Lost at Sea: The Jon Ronson Mysteries
- First edition (US)
- Author: Jon Ronson
- Language: English
- Genre: non-fiction
- Publisher: Picador (UK) Riverhead Books (USA)
- Publication date: 2012
- Publication place: United Kingdom
- ISBN: 978-1447222576
- Preceded by: The Psychopath Test (2011)
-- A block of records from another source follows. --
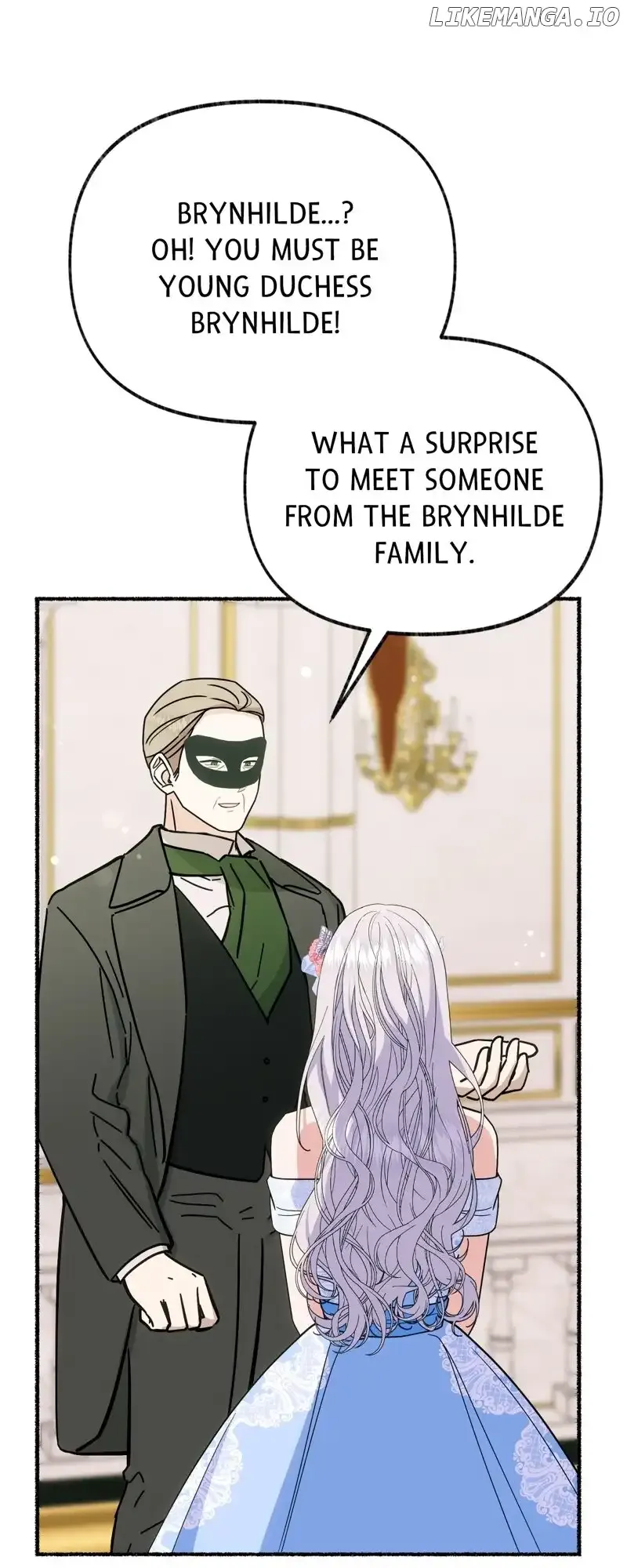 The Possesive Tyrant and His Sleepy Cat Chapter 29 Online - página 28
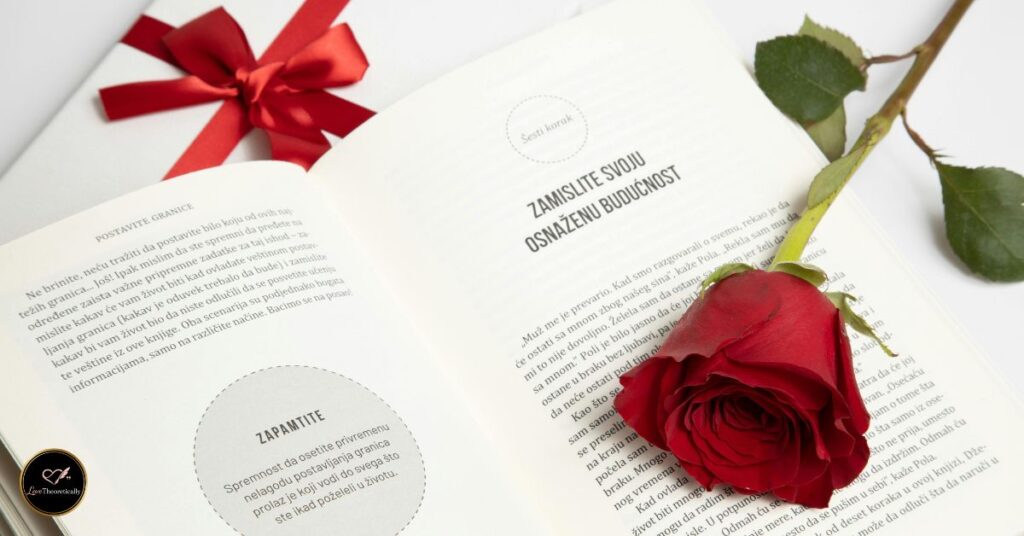 Valentine’s Day heart patterns and romantic thematic coloring pages.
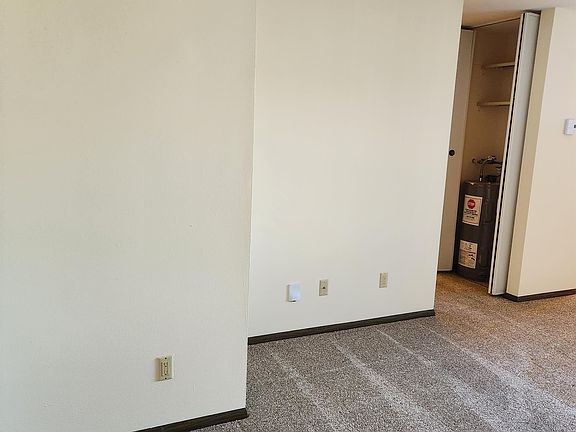 4th image of 1216 N 2nd Ave APT 6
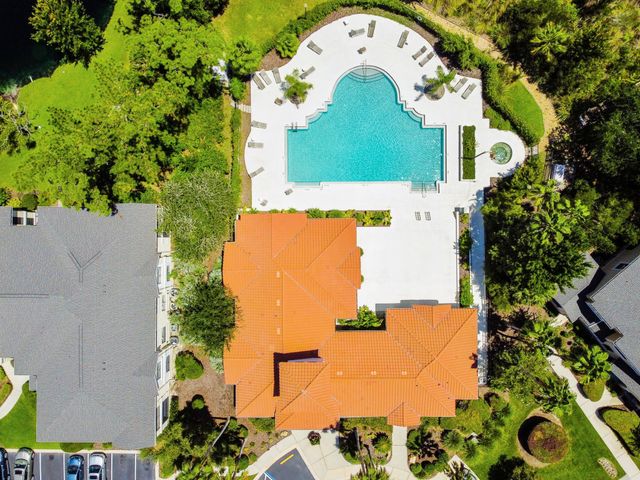 4415 Serena Cir, St Augustine, FL 32084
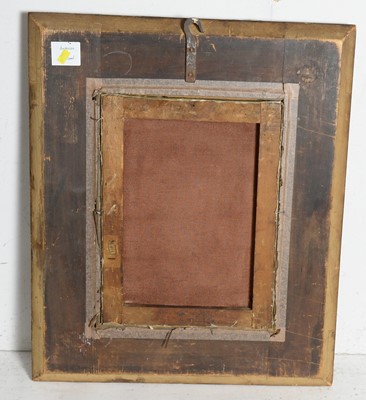 Lot 236 - After Caravaggio - Michelangelo da Caravaggio | oil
= Lost at Sea: The Jon Ronson Mysteries =

2012 book by Jon Ronson

Lost at Sea: The Jon Ronson Mysteries is a 2012 book by Jon Ronson which highlights and further elaborates many of Ronson's magazine articles.

==Contents==
The book is subdivided into six parts, each comprising four chapters, as follows:
- Part One: 'What does electricity taste like?' 'Like a planet around a star.' — The Things We're Willing To Believe
- Part Two: 'Have you ever stood next to an elephant, my friend?' — Rebellious Lives
- Part Three: 'Their eyes met and exchanged a flurry of masculine/feminine master/slave signals.' — High-Flying Lives
- Part Four: 'I've thought about doing myself in loads of times.' — Everyday Difficulty
- Part Five: 'I know it's bitter. Just keep drinking. Put your finger over your nose and chugalug it all down.' — Stepping Over the Line
- Part Six: 'The police stole my super suit.' — Justice

Each chapter represents an article written by Ronson about his adventures in interviewing eccentric personalities and meeting "extraordinary" people in stories of madness, strange behaviour and mysterious events on the fringe of normality in western society. These stories range from an investigative profile of an assisted suicide practitioner to coverage of a pop star’s paedophilia trial. The underlying thread is "Ronson’s desire to report on and attempt to explain human dysfunction in its various, colorful forms."